I am trying to implement Golomb coding, but I don't understand how it's tuned to obtain optimal code.
It is said that
Golomb coding uses a tunable parameter M to divide an input value into two parts: q, the result of a division by M, and r, the remainder. The quotient is sent in unary coding, followed by the remainder in truncated binary encoding.
I don't understand how should I choose the parameter M - I can't see how the explanation in Wikipedia relates to actual data. I believe it should be related to statistical moments, is that true?
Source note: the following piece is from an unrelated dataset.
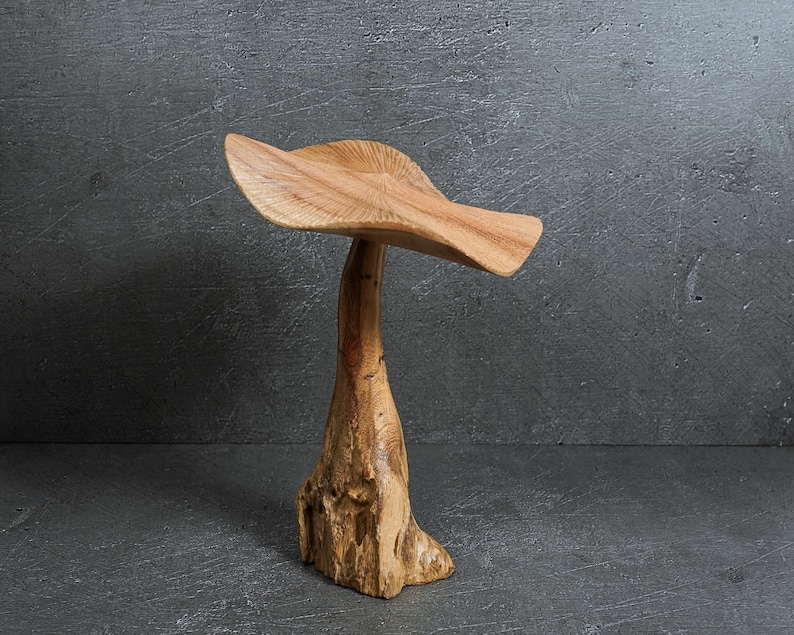 May include: A hand-carved wooden sculpture shaped like a mushroom with a wide, wavy cap and a thick, textured stalk. The wood displays natural grain patterns and light brown tones throughout the piece, showcasing the organic texture of the material.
For example, if I have this example set:
{3,4,4,4,3,1,2,2,3,1,2,1,4,1,2,2,2,2,1,1,2,2,1}
I believe M should be very small for this kind of data. I bet it's either 1 or 2. It's mean is ~2.2 and standard deviation is ~1.1. My intuition would tell me to choose 2.
Another dataset here:
{2,7,11,19,6,2,6,13,11,1,5,2,19,7,6,9,6,7,2,4,5,12,3}
This time the mean is ~7.2 and standard deviation is ~5.0.
Is 7 the right value in this case? And should I prefer Rice code (use 8 as it is a power of 2) if I get a value like 7?
I understand that division will be easier if I use Rice coding, but are there any benefits in NOT using it? I mean - 3 bits will be used for remainder in either case, how could pure Golomb code be more optimal then?
One more nuance - Golomb code is for nonnegative integers. If I have positive integers instead, should I save x-1 instead? It would change a lot for the first of the mentioned datasets.